All the mail mirrored from lore.kernel.org
 help / color / mirror / Atom feed
From: Atish Patra <atishp@rivosinc.com>
To: 雷博涵 <garthlei@pku.edu.cn>, "Atish Patra" <atishp@atishpatra.org>
Cc: linux-riscv@lists.infradead.org
Subject: Re: RISC-V PMU driver issue
Date: Fri, 26 Apr 2024 17:07:07 -0700	[thread overview]
Message-ID: <03af8c62-affa-4ef0-b3a8-ce3d0aca432b@rivosinc.com> (raw)

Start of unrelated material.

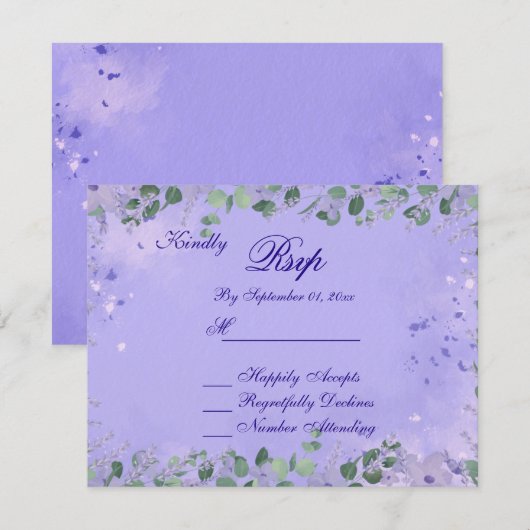 Romantische Paarse Bloemen Huwelijk RSVP Kaart (Voorkant / Achterkant)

In-Reply-To: <03e5da66-d2ee-482c-9fdd-333f18ca90a1@rivosinc.com>

On 3/18/24 15:18, Atish Patra wrote:
> On 3/12/24 21:29, 雷博涵 wrote:
>> Sorry for the duplicated message. The last one was an HTML e-mail so I 
>> resend this.
>>
>>> 2024年3月13日 08:02,Atish Patra <atishp@atishpatra.org> 写道:
>>>
>>> On Tue, Feb 27, 2024 at 7:49 PM 雷博涵 <garthlei@pku.edu.cn> wrote:
>>>>
>>>> Hi all,
>>>>
>>>> I am having problems with the RISC-V PMU driver. The overflow 
>>>> handler of my custom perf event kernel counter seems to read an 
>>>> incorrect value from the event.
>>>
>>> If I understand you correctly, you have a custom kernel counter for
>>> the perf event ? Can you explain the use case for that ?
>>
>> Actually it was the perf-event backend of an open-source tool called 
>> PMCTrack (https://github.com/jcsaezal/pmctrack), which I was trying to 
>> port to RISC-V. It creates a kernel counter using 
>> `perf_event_create_kernel_counter`, registering an overflow handler. 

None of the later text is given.